FOLHA DE SP - 12/11
Para alguns países, a recuperação pode ser dolorosa
Há poucos meses, a crise do euro estava nas manchetes. Temia-se que a moeda única fosse desmoronar, que o sul da Europa quebrasse por ser incapaz de contrair empréstimos a juros razoáveis, que houvesse uma recessão mundial.
Agora, num grau surpreendente, parece haver a percepção de que a situação europeia está controlada. Isso é verdade se a única preocupação for com o pagamento das dívidas. Mas é falso se você adotar uma perspectiva mais ampla.
O Banco Central Europeu tem poderes para emitir dinheiro, e foi isso que ele afinal fez. Mas, na verdade, a questão era -e continua sendo- se os países periféricos podem se transformar em economias de sucesso permanecendo na zona do euro.
"As ações do BCE e de outros formuladores de políticas na Europa tiveram, em geral, o efeito de preencher grandes lacunas financeiras no financiamento soberano e na banca da periferia", escreveu recentemente Bob Prince, da Bridgewater Associates. "Mas essas ações fizeram relativamente pouco para resolver os desequilíbrios competitivos entre essas economias."
Os bancos hesitam em conceder empréstimos.
O relatório do BCE sobre o crédito, em setembro, mostrou um declínio recorde de 1,4% em relação ao ano anterior nos empréstimos com saldo devedor entre empresas privadas e indivíduos na zona do euro.
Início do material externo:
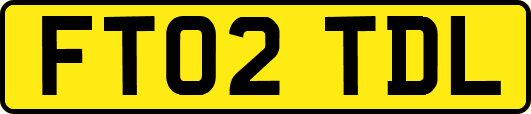 FT02TDL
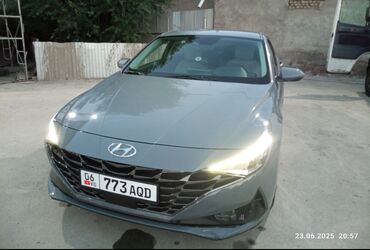 byd машина электромобиль: Hyundai Avante: 2020 г., 1.6 л, Автомат, Гибрид, Седан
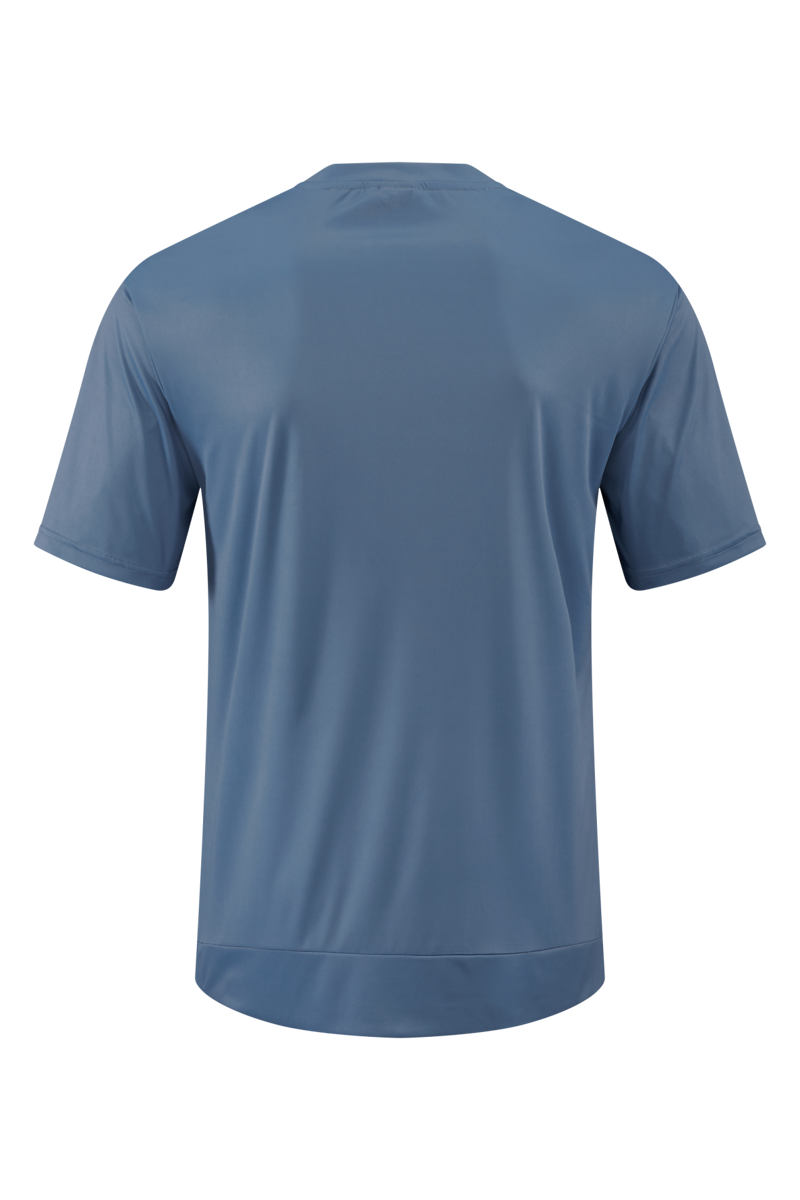 CUBE ATX ROUND NECK JERSEY TECH S/S-1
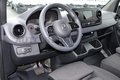 Daumennagel 13 - Mercedes-Benz Sprinter 317 Kasten L2H2 + 9G-Tronic 360°-Cam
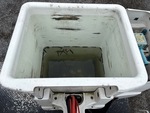 Configuration with Work Bucket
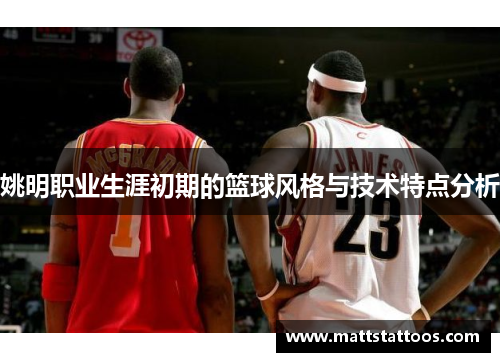 姚明职业生涯初期的篮球风格与技术特点分析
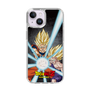 スリムプロテクションケース［ ドラゴンボールZ - コンプリートボックス限定 - 孫悟空＆孫悟飯 ］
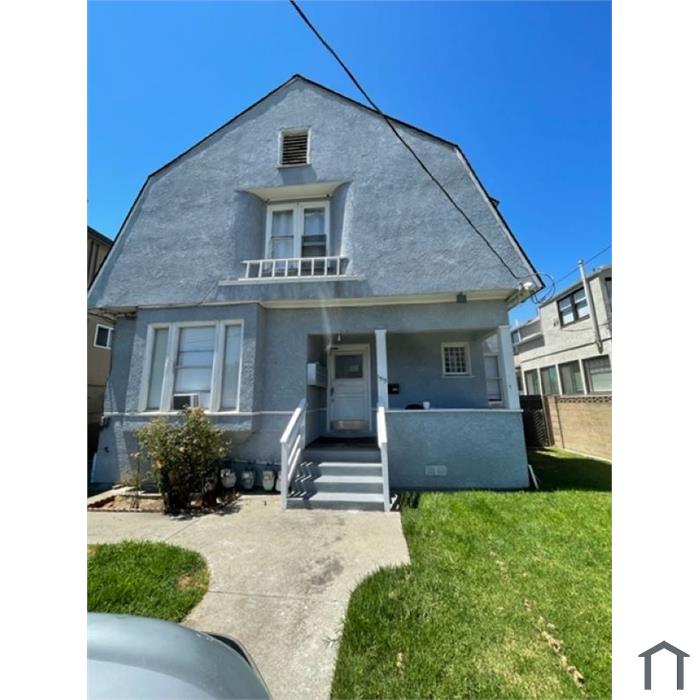 Section 8 Housing for rent in Oakland, CA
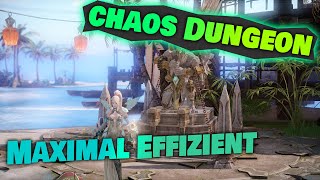 Chaos Dungeons RICHTIG spielen - 150% mehr Loot in der selben Zeit | Lost Ark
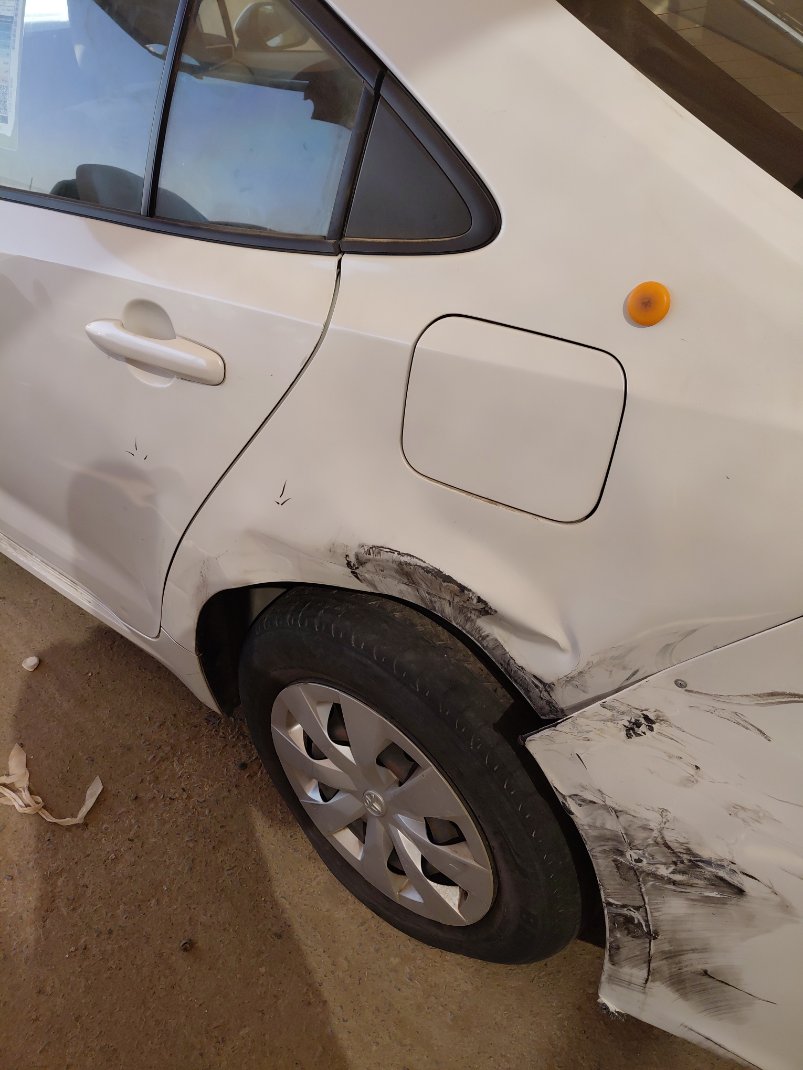 Toyota Corolla XLI 2021 image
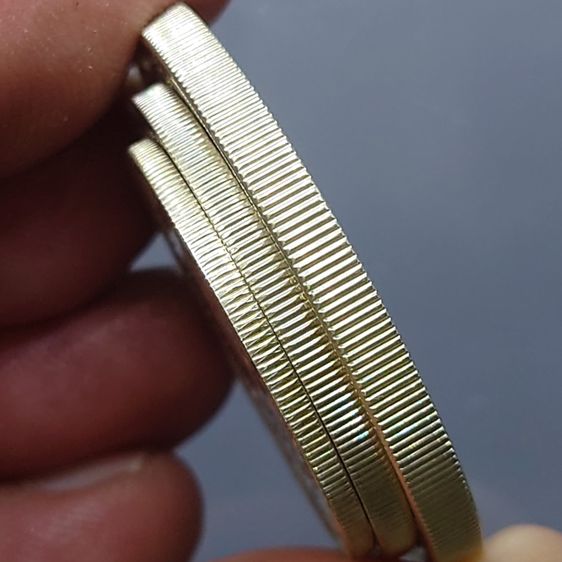 เหรียญเงิน ครบชุด 3 เหรียญ 150-300-600 บาท ที่ระลึกฉลองสิริราชสมบัติ ครบ 50 ปี กาญจนาภิเษก รัชกาลที่ 9 พ.ศ.2539 รูปที่ 3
Se os países periféricos simplesmente tivessem câmbio fixo, em vez de uma moeda comum, eles poderiam ter desvalorizado sua moeda há muito tempo, a receita normal para países em apuros financeiros. Junte-se a isso medidas de austeridade, e a recuperação pode ser surpreendentemente rápida, já que as exportações disparam, e as importações despencam.
Tal qual está, o processo certamente será longo, doloroso e sem garantia de sucesso.
"A União Europeia tem capacidade para colocar suas coisas em ordem, se tiver a determinação política para tal", disse Richard Lambert, chanceler da universidade britânica Warwick, ex-editor do "Financial Times" e ex-diretor do Banco Central, num recente discurso na Universidade de Nova York. "Essa é uma crise que tem a ver com os desequilíbrios econômicos dentro da zona do euro, mais do que com as falhas geológicas em relação ao resto do mundo."
Eis um ponto que vale a pena recordar. A zona do euro como um todo tem deficits inferiores aos dos EUA. Se ela fosse um só país, poderia haver reportagens sobre regiões deprimidas, mas não se falaria em colapso.
Mas ela não é um país. A união política não vai ocorrer. Tampouco haverá facilidade de movimentação de trabalhadores pela Europa.
A Irlanda costuma ser retratada como a história de sucesso da periferia, o que, de certa forma, ela é mesmo. Os custos trabalhistas caíram, e o país parece mais preparado para competir no mercado mundial. A Irlanda fez isso com deflação, cortando salários nos setores públicos e privados, reduzindo os benefícios para os desempregados e elevando a idade de aposentadoria. Seu setor exportador está crescendo e -algo raro na periferia- suas importações também.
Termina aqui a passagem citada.